How should eclipse be organized in the ports tree?
Vizion
vizion at vizion.occoxmail.com
Wed Aug 31 22:05:13 GMT 2005
On Wednesday 31 August 2005 13:04, the author Panagiotis Astithas contributed
to the dialogue on-
Re: How should eclipse be organized in the ports tree?:
>Vizion wrote:
>> On Wednesday 31 August 2005 01:16, the author Panagiotis Astithas
<snip>.
>
>Wait a minute... you mean do something like symlink
>/usr/local/eclipse/plugins to /usr/ports/eclipse/plugins? And instead of
>downloading the plugin artifacts as usual (make fetch), get
>portsnap/cvsup to do it for you? I hope you don't really mean that,
>since that would just impose the bloat of eclipse jar files on everyone,
>everywhere with a ports collection ("You want eclipse-foo-plugin? No?

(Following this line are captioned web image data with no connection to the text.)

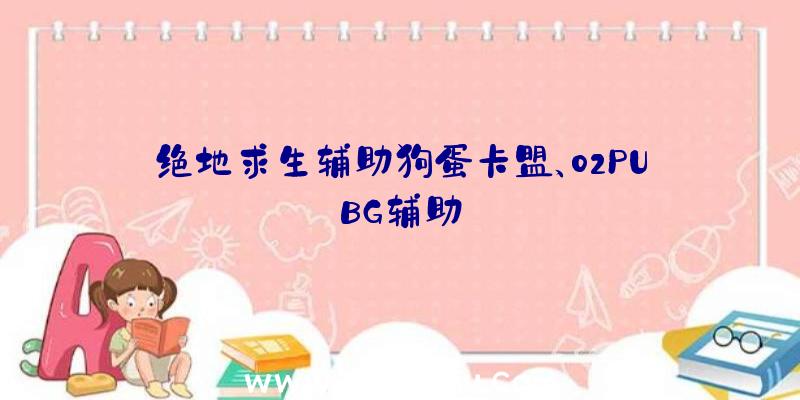 绝地求生辅助狗蛋卡盟、02PUBG辅助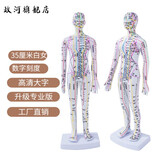 政河针灸穴位人体模型经络穴位模特图全身中医十二经络铜人可扎针小皮 35厘米白女数字刻度便携款/送豪礼
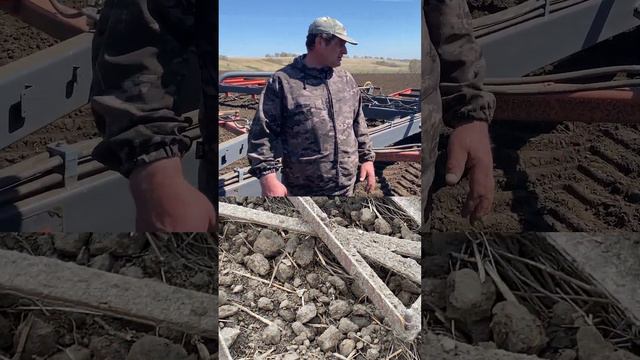 Обслуживание бороны зубовой Стеллар #сельскоехозяйство #farming смотреть онлайн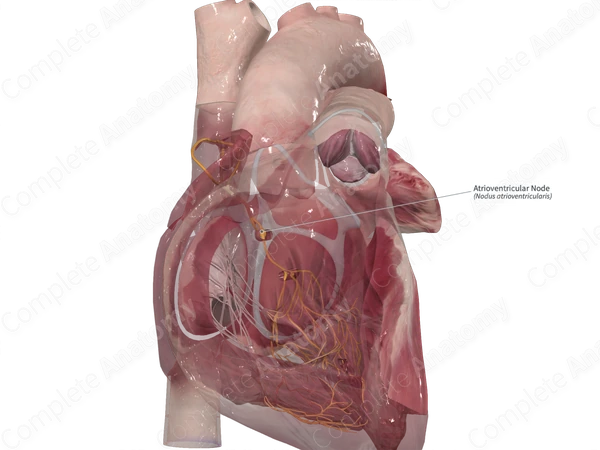 Atrioventricular Node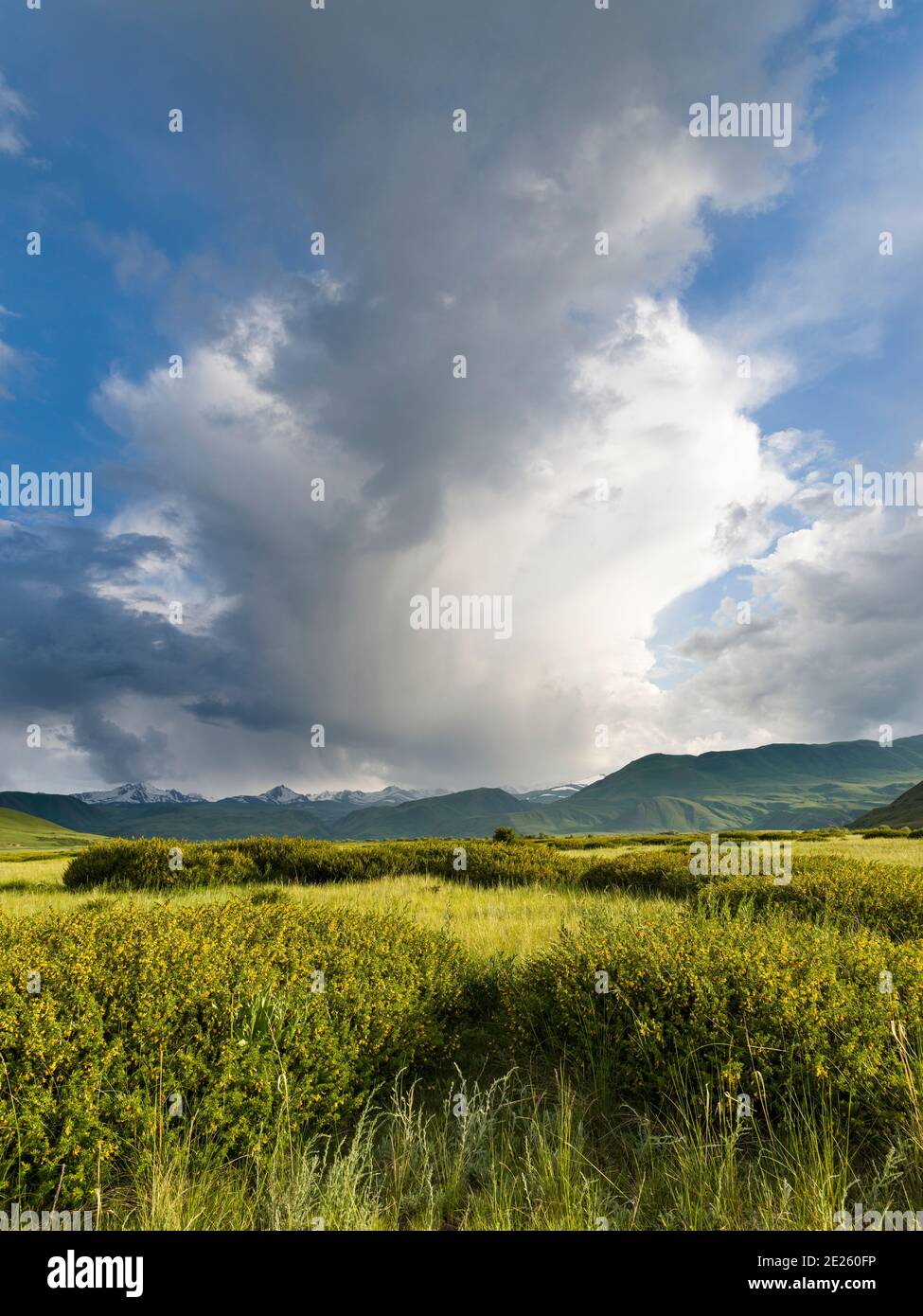 Ein Gewitter entwickelt sich. Die Suusamyr Ebene, ein Hochtal in den Tien Shan Bergen. Asien, Zentralasien, Kirgisistan Stockfoto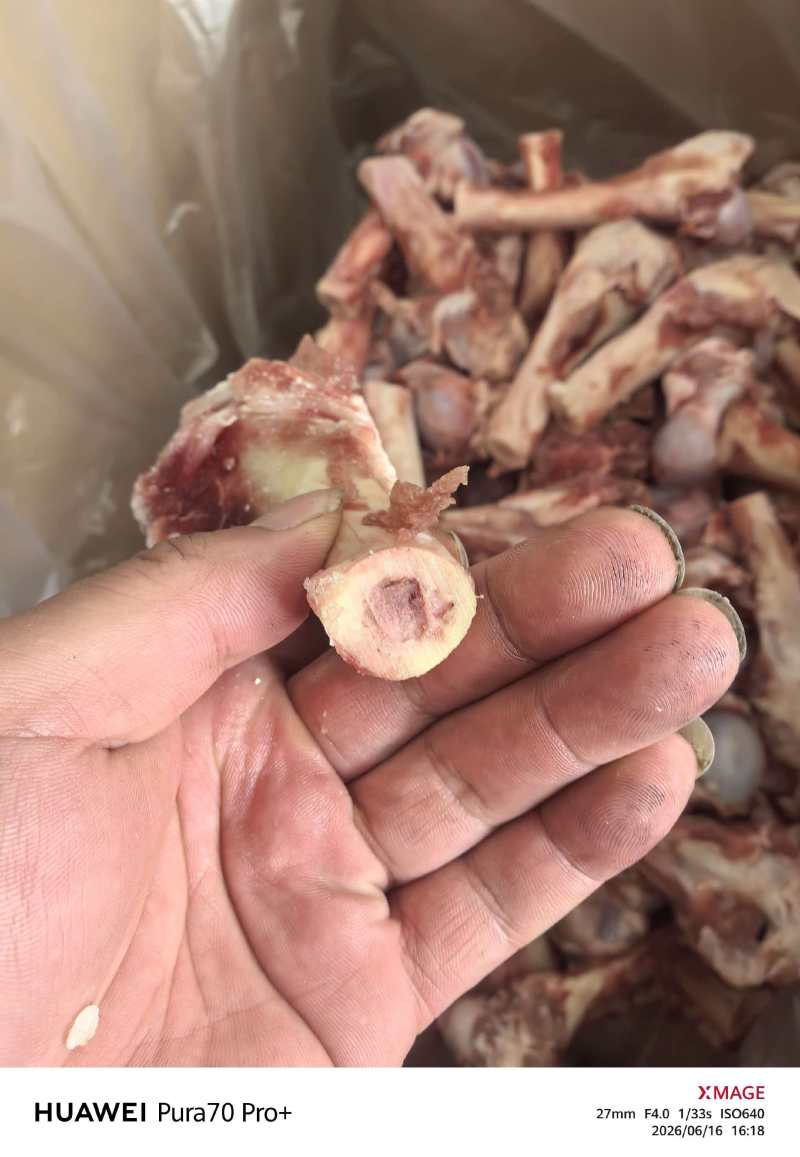 羊棒骨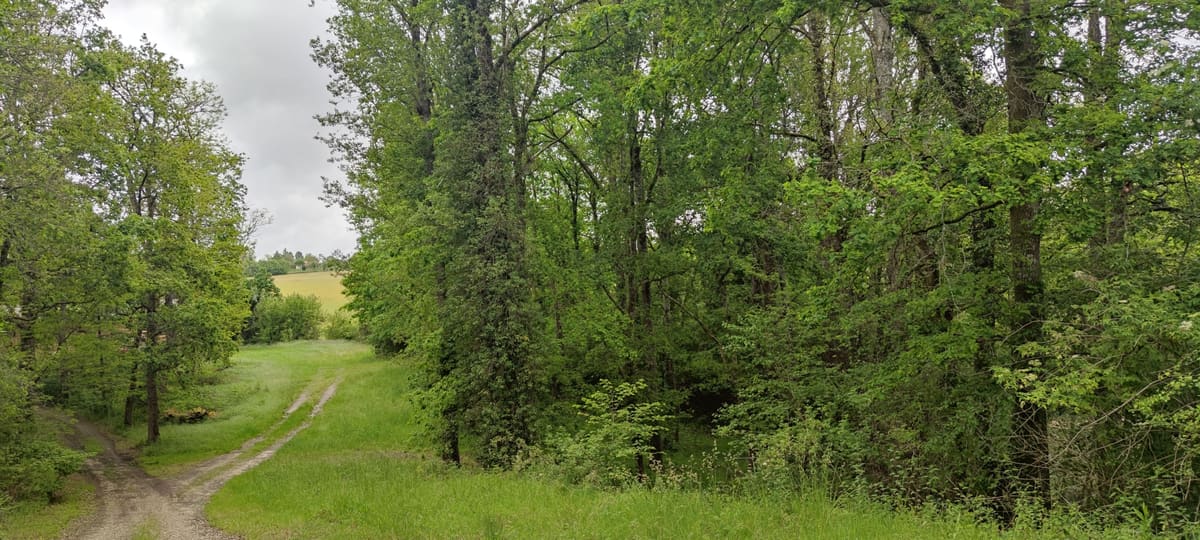 Photo du site de Lisse Lac
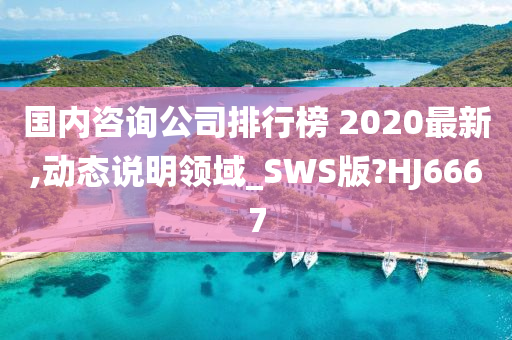 国内咨询公司排行榜 2020最新,动态说明领域_SWS版?HJ6667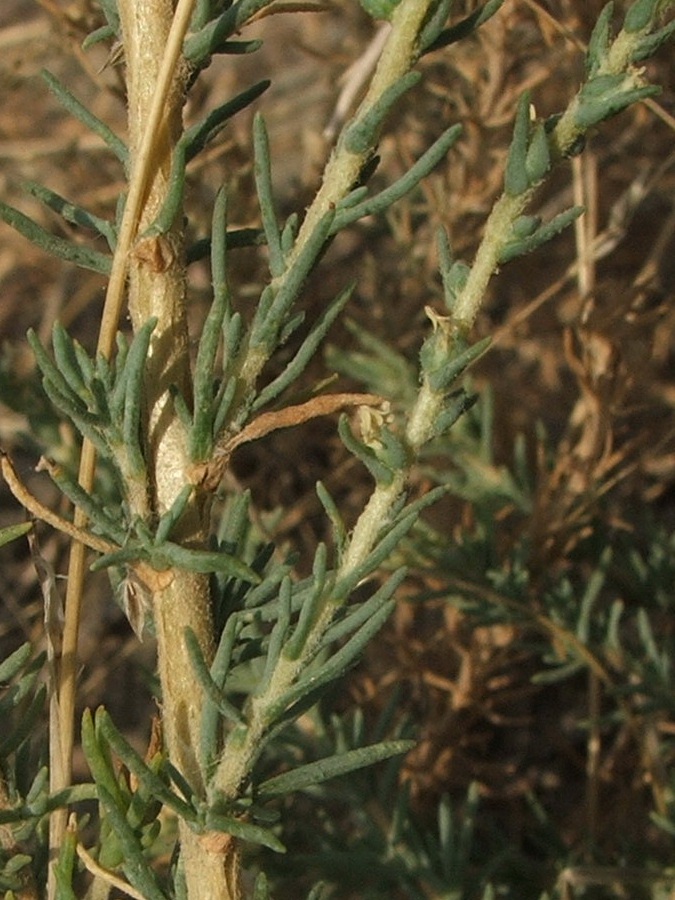 Изображение особи Salsola laricina.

>Tough, you _will_ get it anyway on your next portsnap/cvsup!")
No that would crazy -- I am suggeestuing we have a *.jar files in
the /usr/ports/eclipseplugins that gets the files from somewhere in
ports/fidtfiles (sorry I thought that had been made clear much earlier in
this dialogue.
>
>>>Furthermore, you describe the need to create an eclipse plugin that
>>>lists the available plugins as FreeBSD ports and lets the user install
>>>one and register it as a regular system package. How is this better than
>>>eclipse's own plugin management method?
>>
>> Currently plugins are scattered on different internet sites. The majority
>> are open source with no restrictions on redistribution if they are
>> unmodified. By bringing them together in one place we provide not only
>>
>>>I would go even further and ask
>>>why do you need FreeBSD-specific ports for most plugins? Why not simply
>>>install it via the internal GUI and be done with it? That way you get
>>>the usual Eclipse experience you see in other platforms. I am actually
>>>doing this myself and quite like it, to be honest. The tradeoff is that
>>>you get files under $PREFIX/eclipse that are not recorded in some
>>>package, but I'm OK with that.
>>
>> That is fine for single user but where you have multiple users you need to
>> be able to have a single system to ensure the whole team are using the
>> same plugin version. Freebsd offers a huge advantage in the its ports
>> mechanism for update and control of ports. I see the pluginloader provider
>> another gui into the package system.
>>
>>>But consider this: you propose to create
>>>a new FreeBSD-specific plugin for eclipse, reorganize the ports tree,
>>
>> I see no reason to reorganize the ports tree. The only drawback seems to
>> be a quasi-religious objection to making eclipse a category in the ports
>> tree.
>>
>>>and change every existing eclipse plugin (to fit in the new scheme)
>>
>> I have read what is available and as far as I can see there is the
>> potential to do this without changing the vast majority of plugins that
>> have not yet been incorprated in the ports tree.
>>
>>>in
>>>exchange for what? The registration in packages of every plugin _and_ a
>>>GUI plugin manager? When you could get either of those with the current
>>>system? Does the amount of effort needed, justify the gain?
>>
>> Yes we get a rapid integration into the ports tree of all the eclipse
>> plugins.
>>
>>>Let me state this once more, there is no eclipse-supported platform
>>>currently that provides what you propose. Therefore it cannot be
>>>considered a disadvantage for FreeBSD, either.
>>>Our forefathers said,
>>>that you should learn to walk, before running. Let's do that, shall we?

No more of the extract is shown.